## COLLECTED MATERIAL
=== Section Start ===

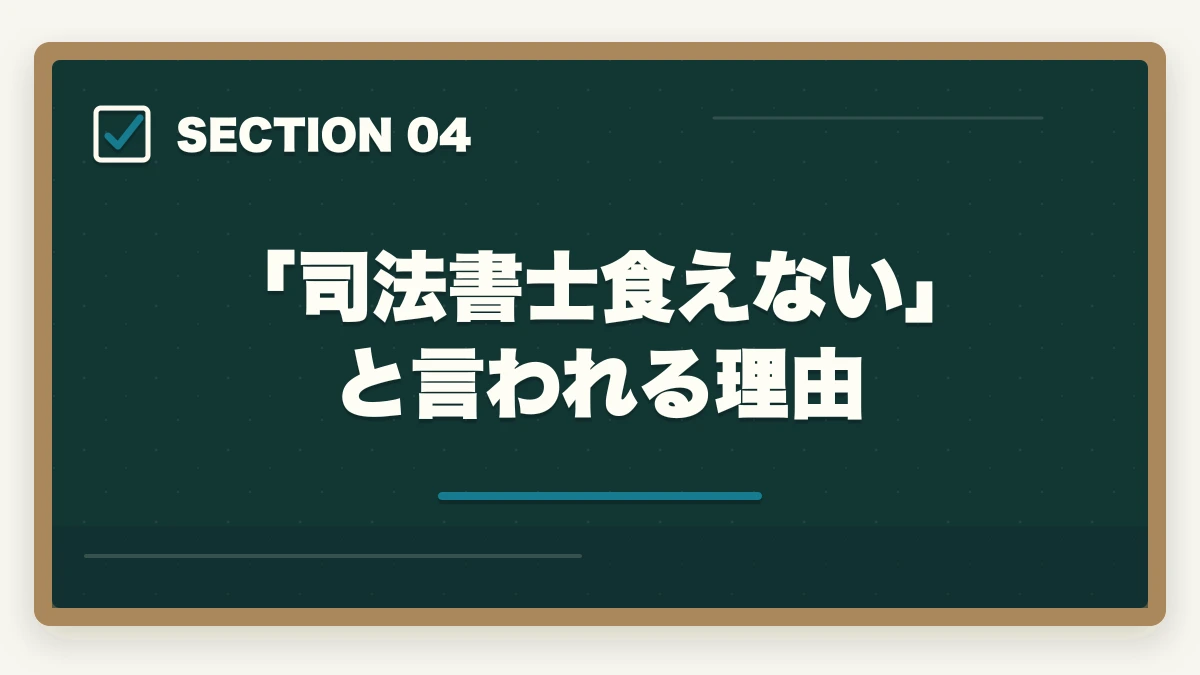 「司法書士食えない」と言われる理由|司法書士はオワコン?やめとけ?将来性・年収・需要を徹底分析【2026年版】の図解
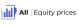 AllEquityPrices logotype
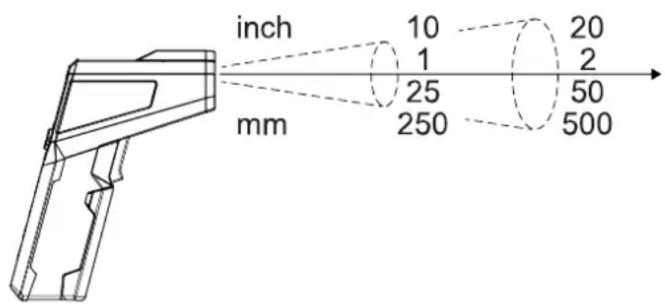 TROTEC BP17 - Spot de mesure - 1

=== Section End ===

## PROMPT
The listing above is to be written out again exactly, with its pictures omitted.

## FINISHED TASK
 「司法書士食えない」と言われる理由|司法書士はオワコン?やめとけ?将来性・年収・需要を徹底分析【2026年版】の図解
 AllEquityPrices logotype
 TROTEC BP17 - Spot de mesure - 1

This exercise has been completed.